Cross-Validation (Analysis Services - Data Mining)
Cross-validation is a standard tool in analytics and is an important feature for helping you develop and fine-tune data mining models. You use cross-validation after you have created a mining structure and related mining models to ascertain the validity of the model. Cross-validation has the following applications:
Validating the robustness of a particular mining model.
Evaluating multiple models from a single statement.
Building multiple models and then identifying the best model based on statistics.
This section describes how to use the cross-validation features provided in SQL Server 2008 and how to interpret the results of cross-validation for a particular model or data set. You can execute cross-validation as a set of stored procedures. You can also use cross-validation from the Data Mining Designer, in Business Intelligence Development Studio.
Overview of Cross-Validation Process
Cross-validation consists of two phases, training and result generation. These phases include the following steps:
Selecting a target mining structure.
Specifying the models you want to test.
Specifying the number of folds into which to partition the structure data.
Analysis Services creates and trains as many models as there are folds.
To generate results, you must specify parameters for testing the trained models.
Specifying the source of the testing data. (This feature is available only when you use the stored procedures.)
Specifying the predictable attribute, predicted value, and accuracy threshold.
Analysis Services then returns a set of accuracy metrics for each fold in each model. You can also return accuracy metrics for the data set as a whole.
Using Cross-Validation in Data Mining Designer
If you perform cross-validation by using the Cross-Validation tab of the Mining Accuracy Chart view in Business Intelligence Development Studio, you can configure the training and accuracy results parameters in a single form. This makes it easier to set up and view results. You can measure the accuracy of all mining models that are related to a single mining structure and then immediately view the results in an HTML report.
For more information about the report format, and the accuracy metrics that are provided by cross-validation, see Cross-Validation Report (Analysis Services - Data Mining).
For information about how to configure cross-validation parameters in Business Intelligence Development Studio, see Cross-Validation Tab (Mining Accuracy Chart View).
Using Cross-Validation Stored Procedures
For advanced users, cross-validation is also available as four system stored procedures. You can run the stored procedures by connecting to an instance of Analysis Services 2008 from SQL Server Management Studio, or from any managed code application.
The stored procedures are grouped by mining model type. The first pair of procedures works with clustering models only. The second pair of procedures works with other mining models.
Note
Cross-validation cannot be used with any model that contains a KEY TIME column or a KEY SEQUENCE column.
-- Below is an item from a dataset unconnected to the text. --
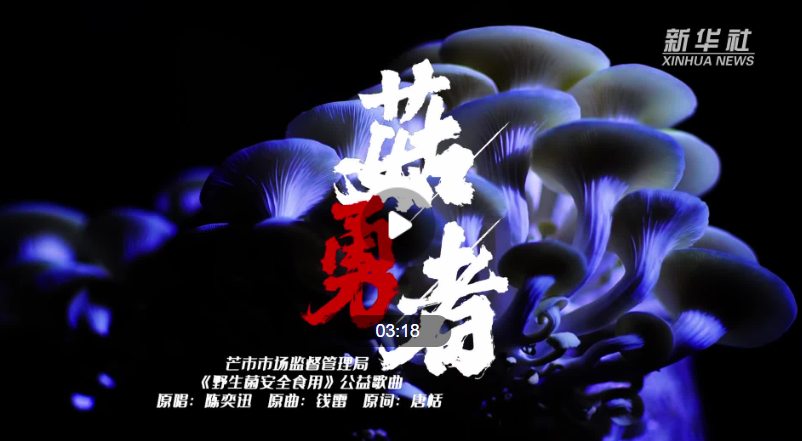 谨防野生菌中毒 云南德宏推出公益歌曲《菇勇者》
For each type of mining model, there are two stored procedures. The first procedure creates as many partitions as you specify within the data set, and returns accuracy results for each partition. For each metric, Analysis Services calculates the mean and standard deviation for the partitions.
The second stored procedure does not partition the data set, but generates accuracy results for the specified data set as a whole. You can also use the second stored procedure if the mining structure and its models have already been partitioned and processed.
Partition data and generate metrics for partitions
SystemGetCrossValidationResults (Analysis Services - Data Mining)
SystemGetClusterCrossValidationResults (Analysis Services - Data Mining)
Generate metrics for entire data set
SystemGetAccuracyResults (Analysis Services - Data Mining)
SystemGetClusterAccuracyResults (Analysis Services - Data Mining)
Configuring Cross-Validation
You can customize the way that cross-validation works to control the number of cross-sections, the models that are tested, and the accuracy bar for predictions. If you use the cross-validation stored procedures, you can also specify the data set that is used for validating the models. This wealth of choices means that you can easily produce many sets of different results that must then be compared and analyzed.
This section provides information to help you configure cross-validation appropriately.
Setting the Number of Partitions
When you specify the number of partitions, you determine how many temporary models will be created. For each partition, a cross-section of the data is flagged for use as the test set, and a new model is created by training on the remaining data not in the partition. This process is repeated until Analysis Services has created and tested the specified number of models. The data that you specified as being available for cross-validation is distributed evenly among all partitions.
The example in the diagram illustrates the usage of data if three folds are specified.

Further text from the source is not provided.